Gemstones & Pearls News

FTC Guidelines Revisited

Gem dealers react as the FTC takes a new look at treatment disclosure

T he question of how much to disclose about colored gem enhancement was under consideration this summer as the Federal Trade Commission sought input on its proposal to update the FTC Guides for the Jewelry Industry.

Under the 1996 revision of the FTC Guides, enhancements that are considered permanent and don't require special care are exempt from disclosure. This opens the door to misrepresentation by the unknowledgeable and deception by the unscrupulous, and this could cause problems with consumers. For example, a consumer who buys a sapphire and finds out later it was enhanced might easily feel cheated about its true value.

Does Value Count?
Value is at the core of the proposed changes. The FTC posted the following information in the Federal Register, Vol. 64, No. 109, and invited industry comment until Aug. 31:

"The [FTC] seeks comment on whether paragraph 23.22 of the Jewelry Guides should be revised to advise that permanent treatments that do not require special care should be disclosed if the treatment has a significant effect on the stone's value, and if a consumer acting reasonably under the circumstances could not ascertain that the stone has been treated."

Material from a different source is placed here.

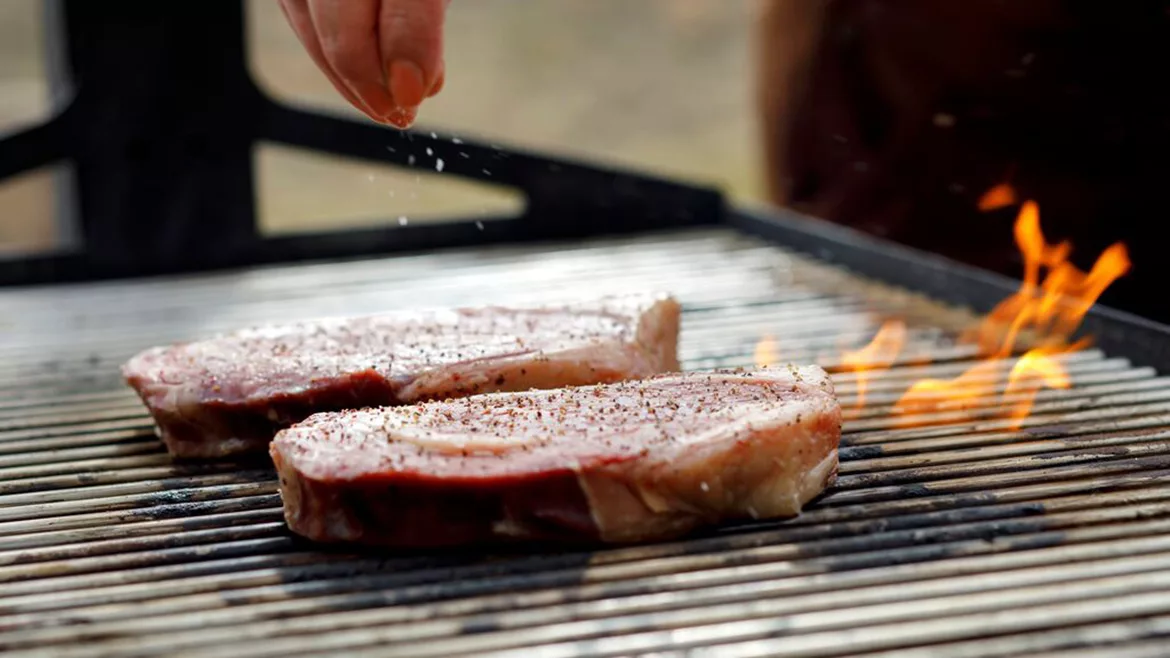 two thick steaks grilling over an open flame 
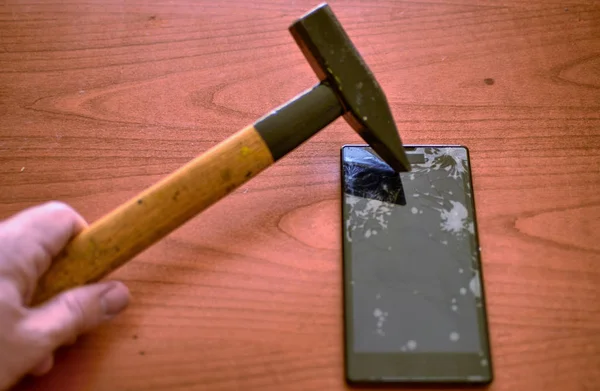 Кончик молотка попал в экран смартфона — стоковое фото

Some dealers agree the FTC Guides should change, but they question value considerations. The American Gem Trade Association board discussed the issue with members and intended to submit comment by the Aug. 31 deadline, according to Roland Naftule of Nafco Gems Ltd., Scottsdale, AZ, who chairs the AGTA Industry Rules Committee. "Speaking for myself, I believe we must strive for full disclosure of any gem enhancement," he says. "But I believe the FTC's approach to value could confuse consumers because no two gems are alike. I would just say treated gems of any kind need to be disclosed – period."

The word "significant" in the proposal worries some dealers. "Does that mean a 1% price differential is OK and a 100% differential is not?" asks Dana Schorr of Schorr Marketing and Sales, Santa Barbara, CA. "Who will make those determinations and how?"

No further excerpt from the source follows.